[Data provided — start]

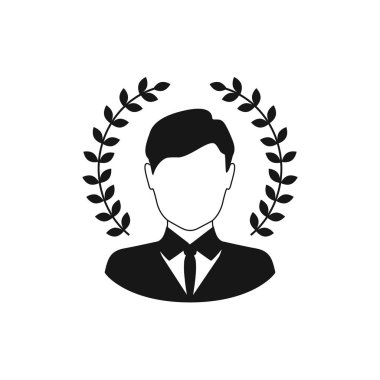 Best award wreath for businessman. Vector in flat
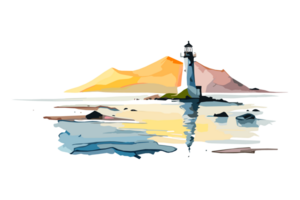 Watercolor lighthouse on the sea beach with copy space, transparent background, png. Hand-drawn coastline painting for t-shirts, book covers, and print media decorations png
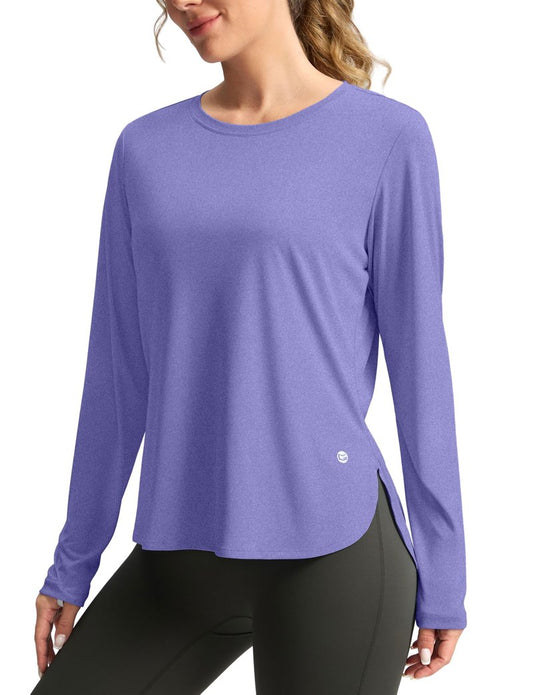 Women's Sun Shirts UPF 50+ Long Sleeve UV Protection Shirt Lightweight Quick Dry Workout Hiking Tops for Women(Heather Purple,L)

[Data provided — finish]

**The task:**
Reproduce the listing exactly, images omitted.

**Response for this exercise:**
 Best award wreath for businessman. Vector in flat
 Watercolor lighthouse on the sea beach with copy space, transparent background, png. Hand-drawn coastline painting for t-shirts, book covers, and print media decorations png
 Women's Sun Shirts UPF 50+ Long Sleeve UV Protection Shirt Lightweight Quick Dry Workout Hiking Tops for Women(Heather Purple,L)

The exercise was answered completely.